A polícia faz buscas na Floresta de Belgrado, nos arredores de Istambul, para onde acredita que o corpo pode ter sido levado.
Um dos agentes envolvidos disse estar confiante de que seu destino seria conhecido "em breve".
Tanto o consulado quanto a residência do cônsul saudita foram alvos de buscas.
A agência de notícias Reuters informou no domingo que conversou com um oficial saudita segundo o qual Khashoggi morreu em um estrangulamento após resistir a tentativas que fizeram de mandá-lo de volta à Arábia Saudita.
Seu corpo foi então enrolado em um tapete e entregue a um "co-operador" local para se livrar dele.
Um dos agentes sauditas teria então supostamente vestido as roupas de Khashoggi e deixado o consulado.
O funcionário disse que as declarações sauditas mudaram por causa de "informações falsas reportadas internamente na época".
O que se sabe até agora
Esta é a linha do tempo dos eventos que se desenrolaram desde 2 de outubro, quando o jornalista desapareceu.
03h28: Um jato particular transportando supostos agentes sauditas chega ao aeroporto de Istambul. Um segundo jato também aterrissa posteriormente.
05h05: O grupo é visto em dois hotéis próximos ao prédio do consulado saudita.
12h13: Vários veículos diplomáticos são filmados chegando ao consulado, supostamente carregando alguns dos agentes.

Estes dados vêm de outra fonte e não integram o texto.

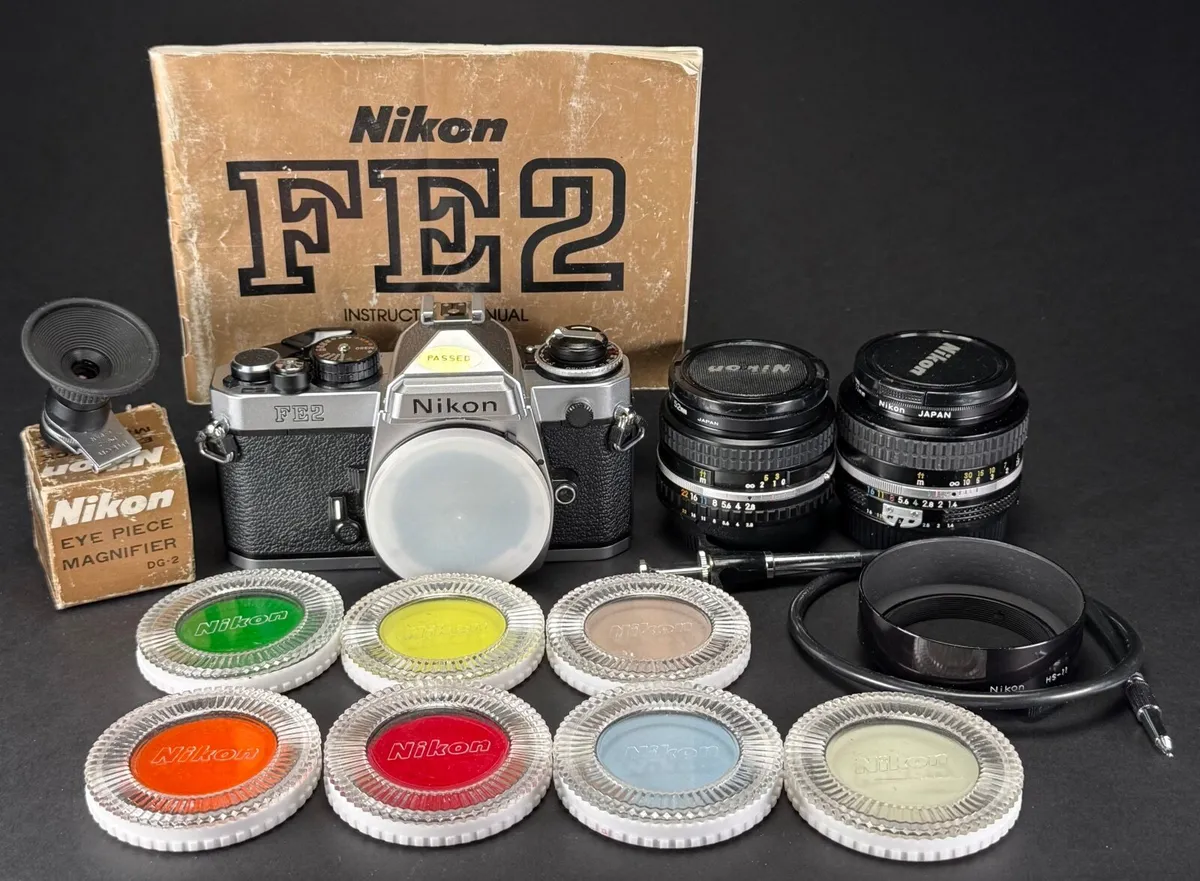 Nikon FE 2 bundle - Image 1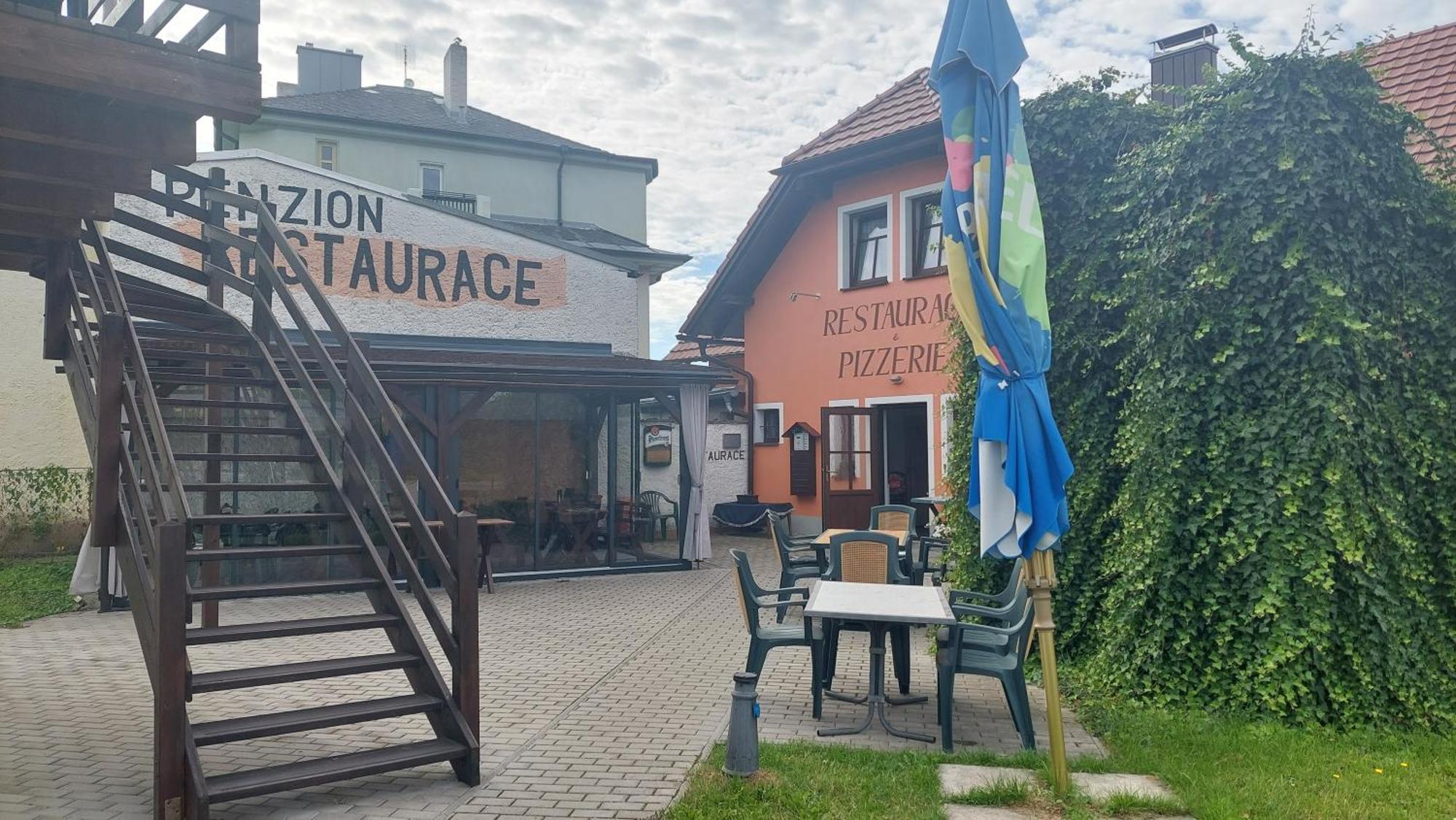 Penzion A Restaurace U Strnada Клатови Екстер'єр фото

13h14: Khashoggi entra no prédio, onde pretendia pegar uma documentação necessária ao casamento.
15h08: Veículos deixam o consulado e são filmados chegando à residência do cônsul saudita, nas proximidades.
17h33: A noiva de Khashoggi, Hatice Cengiz, é vista no circuito interno de TV esperando do lado de fora do consulado.
21h00: Os dois jatos que haviam pousado mais cedo em Istambul deixam o aeroporto por volta das 21h.
3 de outubro - O governo turco anuncia que Khashoggi está desaparecido e diz acreditar que ele esteja no consulado.
4 de outubro - A Arábia Saudita diz que ele deixou a embaixada.
7 de outubro - Autoridades turcas dizem à BBC que acreditam que Khashoggi foi morto no consulado. A versão é veementemente negada pela Arábia Saudita.
13 de outubro - Autoridades turcas dizem à BBC Árabe que têm provas em áudio e vídeo do assassinato. A existência de tais fitas já havia sido relatada pela mídia local.
15 e 17-18 de outubro - Equipes de perícia realizam buscas no consulado.
19 de outubro - TV estatal saudita informa que, segundo uma investigação inicial, Jamal Khashoggi morreu no consulado. Dois altos funcionários sauditas são demitidos e o rei Salman anuncia a formação de um comitê ministerial para reestruturar os serviços de inteligência.
20 de outubro - Autoridades turcas prometem revelar todas as provas relacionadas ao assassinato.
21 de outubro - O ministro das Relações Exteriores da Arábia Saudita diz à Fox News que foi uma "operação não autorizada" e nega que o príncipe herdeiro tenha ordenado o "assassinato".